While the party recently announced an ambition to move NSW to 100% renewables by 2050 — that’s eight elections away, for those counting — its cynical election tactics for the election on Saturday week may actually lead to new coal-fired capacity being built in the state.

NSW Labor is preferencing the far-right Shooters, Fishers and Farmers Party ahead of the NSW Nationals in the seats of Upper Hunter, Murray and Barwon. With polling at 50:50 for the major parties, the strong possibility of a minority government and the NSW Nationals struggling in regional and rural seats, there’s a good chance Labor preferences will deliver the Shooters three seats, up from their current one — and the balance of power in the Legislative Assembly as Labor and the Coalition fail to get enough seats to govern.

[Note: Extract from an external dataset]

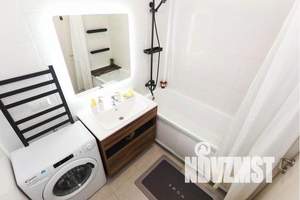 1-к квартира, посуточно, 40м2, 1/25 этаж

Premier Gladys Berejiklian has ruled out either a preference deal with the Shooters, or accepting their support to form government. Whether that holds if the Coalition loses majority status in the lower house remains to be seen, though Berejiklian says her antipathy toward the Shooters is because they “want to give guns to 10-year-olds”, which will make it a little harder to backflip post-election.

The Shooters do indeed want to loosen firearms laws, reduce oversight of purchases by gunowners, provide taxpayer handouts to shooters and impose shooting as part of the curriculum in all public schools. But of more immediate relevance given the current leadership shenanigans inside the federal Nationals is their stance on coal-fired power. Unlike the NSW Nationals, the Shooters support “the immediate construction of a new HELE power plant in the Hunter Valley utilising the modern technology to ensure the highest standards of efficiency”.

A minority Coalition or Labor government — unlike Berejiklian, Daley has not ruled out governing with the support of the Shooters — would be ideal for the Shooters to get their way and waste taxpayer money on costly new coal-fired plants to support the additional coal mines the Shooters want developed as well.

Labor has long boasted of its refusal to do deals with One Nation. While the Shooters lack the racism and literal apartheid policies of One Nation, its US-style gun obsession and support for wasting taxpayer money on coal-fired power should have sent it to the bottom of Labor’s preference list along with the Hanson, Latham and co.